In [None]:
import torch
import torch.autograd as autograd
import torch.nn as nn
import torch.nn.functional as F
from torch.nn import init

Prepare data

Util functions

In [None]:
def init_embedding(input_embedding):
    """
    Initialize embedding
    """
    bias = np.sqrt(3.0 / input_embedding.size(1))
    nn.init.uniform(input_embedding, -bias, bias)
    
def init_lstm(input_lstm):
    """
    Initialize lstm
    """
    for ind in range(0, input_lstm.num_layers):
        weight = eval('input_lstm.weight_ih_l' + str(ind))
        bias = np.sqrt(6.0 / (weight.size(0) / 4 + weight.size(1)))
        nn.init.uniform(weight, -bias, bias)
        weight = eval('input_lstm.weight_hh_l' + str(ind))
        bias = np.sqrt(6.0 / (weight.size(0) / 4 + weight.size(1)))
        nn.init.uniform(weight, -bias, bias)
    if input_lstm.bidirectional:
        for ind in range(0, input_lstm.num_layers):
            weight = eval('input_lstm.weight_ih_l' + str(ind) + '_reverse')
            bias = np.sqrt(6.0 / (weight.size(0) / 4 + weight.size(1)))
            nn.init.uniform(weight, -bias, bias)
            weight = eval('input_lstm.weight_hh_l' + str(ind) + '_reverse')
            bias = np.sqrt(6.0 / (weight.size(0) / 4 + weight.size(1)))
            nn.init.uniform(weight, -bias, bias)

    if input_lstm.bias:
        for ind in range(0, input_lstm.num_layers):
            weight = eval('input_lstm.bias_ih_l' + str(ind))
            weight.data.zero_()
            weight.data[input_lstm.hidden_size: 2 * input_lstm.hidden_size] = 1
            weight = eval('input_lstm.bias_hh_l' + str(ind))
            weight.data.zero_()
            weight.data[input_lstm.hidden_size: 2 * input_lstm.hidden_size] = 1
        if input_lstm.bidirectional:
            for ind in range(0, input_lstm.num_layers):
                weight = eval('input_lstm.bias_ih_l' + str(ind) + '_reverse')
                weight.data.zero_()
                weight.data[input_lstm.hidden_size: 2 * input_lstm.hidden_size] = 1
                weight = eval('input_lstm.bias_hh_l' + str(ind) + '_reverse')
                weight.data.zero_()
                weight.data[input_lstm.hidden_size: 2 * input_lstm.hidden_size] = 1




Build the Model



Words are modeled with **a character-based RNN with LSTM**, which produces two vectors.

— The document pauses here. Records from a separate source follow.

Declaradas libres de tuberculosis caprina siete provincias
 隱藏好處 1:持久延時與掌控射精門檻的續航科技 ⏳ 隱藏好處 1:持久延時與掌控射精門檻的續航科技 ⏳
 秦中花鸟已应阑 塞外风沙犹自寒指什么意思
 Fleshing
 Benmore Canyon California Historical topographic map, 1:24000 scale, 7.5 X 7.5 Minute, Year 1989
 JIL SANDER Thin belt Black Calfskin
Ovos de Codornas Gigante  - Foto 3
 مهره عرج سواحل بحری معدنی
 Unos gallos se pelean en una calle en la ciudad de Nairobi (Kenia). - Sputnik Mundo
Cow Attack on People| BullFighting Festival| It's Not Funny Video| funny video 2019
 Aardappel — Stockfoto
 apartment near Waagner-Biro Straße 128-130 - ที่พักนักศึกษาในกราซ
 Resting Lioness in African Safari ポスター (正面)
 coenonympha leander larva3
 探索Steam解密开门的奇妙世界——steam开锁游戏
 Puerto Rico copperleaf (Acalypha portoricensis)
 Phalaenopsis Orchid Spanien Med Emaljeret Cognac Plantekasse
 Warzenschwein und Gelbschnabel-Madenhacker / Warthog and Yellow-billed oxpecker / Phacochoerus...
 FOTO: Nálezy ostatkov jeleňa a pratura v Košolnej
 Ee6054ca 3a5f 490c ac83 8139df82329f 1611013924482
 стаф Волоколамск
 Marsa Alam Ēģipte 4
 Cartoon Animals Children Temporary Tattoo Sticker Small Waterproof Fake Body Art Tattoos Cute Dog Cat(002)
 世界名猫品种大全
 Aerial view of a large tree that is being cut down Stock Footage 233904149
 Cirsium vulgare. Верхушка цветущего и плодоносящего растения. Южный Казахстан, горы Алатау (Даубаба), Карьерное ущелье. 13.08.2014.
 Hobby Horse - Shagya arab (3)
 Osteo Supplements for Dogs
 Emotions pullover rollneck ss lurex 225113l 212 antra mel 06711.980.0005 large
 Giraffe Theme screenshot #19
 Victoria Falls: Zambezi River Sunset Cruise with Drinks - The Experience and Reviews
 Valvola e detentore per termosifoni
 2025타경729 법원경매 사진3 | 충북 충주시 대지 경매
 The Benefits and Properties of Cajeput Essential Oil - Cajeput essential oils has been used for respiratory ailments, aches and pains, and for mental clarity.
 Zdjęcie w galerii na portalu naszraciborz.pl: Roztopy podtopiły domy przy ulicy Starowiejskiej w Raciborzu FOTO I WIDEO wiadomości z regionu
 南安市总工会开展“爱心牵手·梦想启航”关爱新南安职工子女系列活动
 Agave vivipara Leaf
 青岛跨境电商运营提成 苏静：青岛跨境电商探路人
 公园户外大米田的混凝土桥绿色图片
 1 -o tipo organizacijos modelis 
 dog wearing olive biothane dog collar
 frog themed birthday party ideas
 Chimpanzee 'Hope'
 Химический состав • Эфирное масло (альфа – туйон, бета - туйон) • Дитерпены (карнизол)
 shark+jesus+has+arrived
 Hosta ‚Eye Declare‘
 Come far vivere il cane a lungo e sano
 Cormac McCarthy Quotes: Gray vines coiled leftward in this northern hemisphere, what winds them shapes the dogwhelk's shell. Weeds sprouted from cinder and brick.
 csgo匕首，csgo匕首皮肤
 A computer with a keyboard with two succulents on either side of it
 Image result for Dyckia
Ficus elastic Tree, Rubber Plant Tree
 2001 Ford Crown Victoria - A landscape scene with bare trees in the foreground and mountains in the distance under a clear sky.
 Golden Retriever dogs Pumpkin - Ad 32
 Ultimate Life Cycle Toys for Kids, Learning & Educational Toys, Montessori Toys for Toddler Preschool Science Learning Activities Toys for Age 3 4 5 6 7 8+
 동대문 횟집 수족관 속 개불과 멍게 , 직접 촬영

The forward vector will have a representation of the character sequence from the left to the right.

The backward one will have the same in the reversed order.

Our insight is that this character-based LSTM captures the phonological structure of the word from its graphemes/characters.

These two vectors are concatenated together with the whole **word’s embedding**
(the embeddings could be pre-trained from larger corpora or trained jointly for the task).

The vector of these three elements will represent each word in the sequence. Then, for each word, there will be a **word-level LSTM**, which will produce an output for each word, with its right and left context information.

Finally, this output will go through a **CRF layer** to get the optimal output.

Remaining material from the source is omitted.